Moen is not a big fan of exposed light bulbs, which is a current trend. His new collection is a response, as “the porcelain’s light shades diffuse light to provide a warm glow at eye level while the opening at the bottom produces direct white light on active spaces,” he said. “We are changing the face of contemporary ceramics.”
The event took place in the Cloud Room, a gathering space located inside Wedge at Foundation. Moen has a history with the brewery. He unintentionally moved to Asheville when his van broke down in the Wedge Brewing parking lot years ago (at the brewery’s first location on Riverside Drive). He then honed his love for design at the Penland School of Craft. Displaying this new exhibition at the Wedge at Foundation has really made it a “full-circle moment” for him, he said.
The event featured local videographers Matt Wegleitner and Micah Yaple, who premiered their first video performance as Aerial Asheville. Drawings by Daniel Garver, collage art by Jamie Karolich, and prints from BJ Lumbaugh were also included.
Moen asked local musician Jonathan Scales to bring his steel drums. “He thought that some of my music, as a soloist, could … set the tone,” Scales said. The porcelain lighting was equipped with state-of-the-art technology that allowed for the pieces to play in time with the music.
“I’ve been in this industry for 15 years and can honestly say I’ve never seen anything like this before. While I have seen a few other translucent porcelain lights, they are not made with the same mastery of material and proportional design sense.” The collection took Moen six years to complete.

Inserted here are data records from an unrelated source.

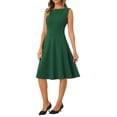 thumbnail image 4 of INSPIRE CHIC Women's Sleeveless Sheath Dress Costume Boat Neck Casual Office Dresses M Dark Green, 4 of 6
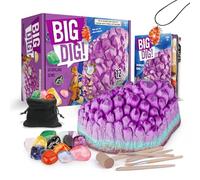 Eggbox Jumbo Kit di scavo di minerali e cristalli per bambini 12 pietre preziose autentiche(ametista, quarzo rosa e agata), giocattolo per l'estrazione di pietre preziose per bambini dai 6 ai 12 anni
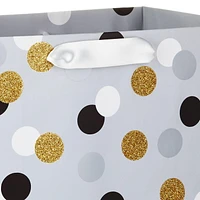 Hallmark 20" Mega Gift Bag (Black, White, Gold Glitter Dots on Gray) for Birthdays, Bridal Showers, Parties or Any Occasion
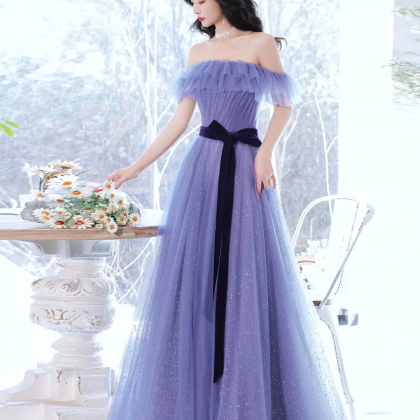 Light Purple Tulle Off Shoulder Long Formal Dress..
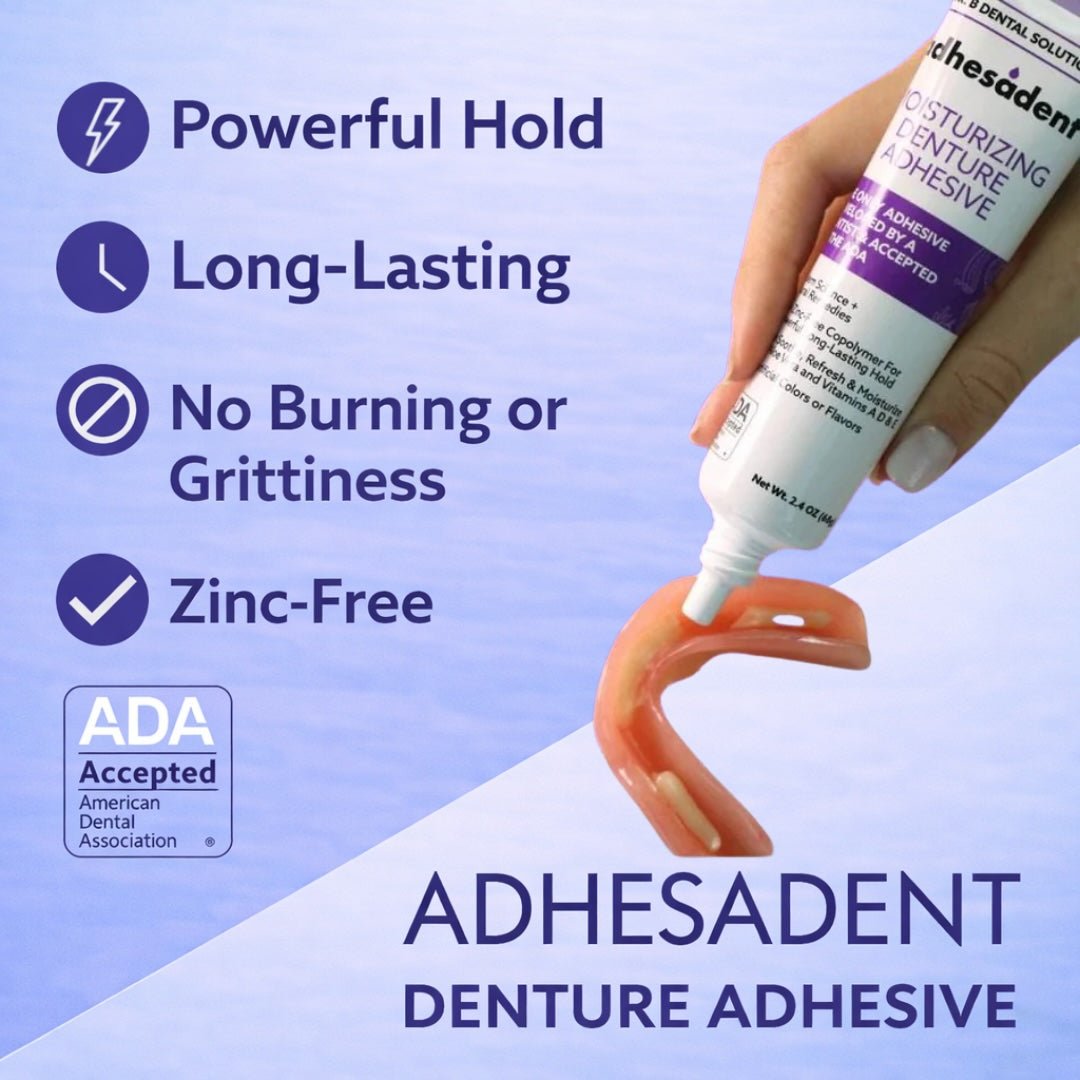 Adhesadent Moisturizing Denture Adhesive - Dr. B Dental SolutionsAdhesadent Moisturizing Denture AdhesiveAdhesadentDr B Dental SolutionsAD-003SingleAdhesadent denture adhesive benefits — powerful hold, long - lasting, no burning or grittiness, zinc - free, ADA Accepted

The event was produced by Jefferson Ellison, who is also based in Asheville. “Moen really wanted to show the lighting in its natural habitat: in use, surrounded by great vibes, good people and intentional design,” Ellison said. “Celebrating local artists who have a connection to the community and creating custom lighting pieces for the event is so authentic to the brand because it represents the core of what The Bright Angle offers, [which is] craftsmanship. It’s great for Asheville but it’s also just great for the design community as a whole.”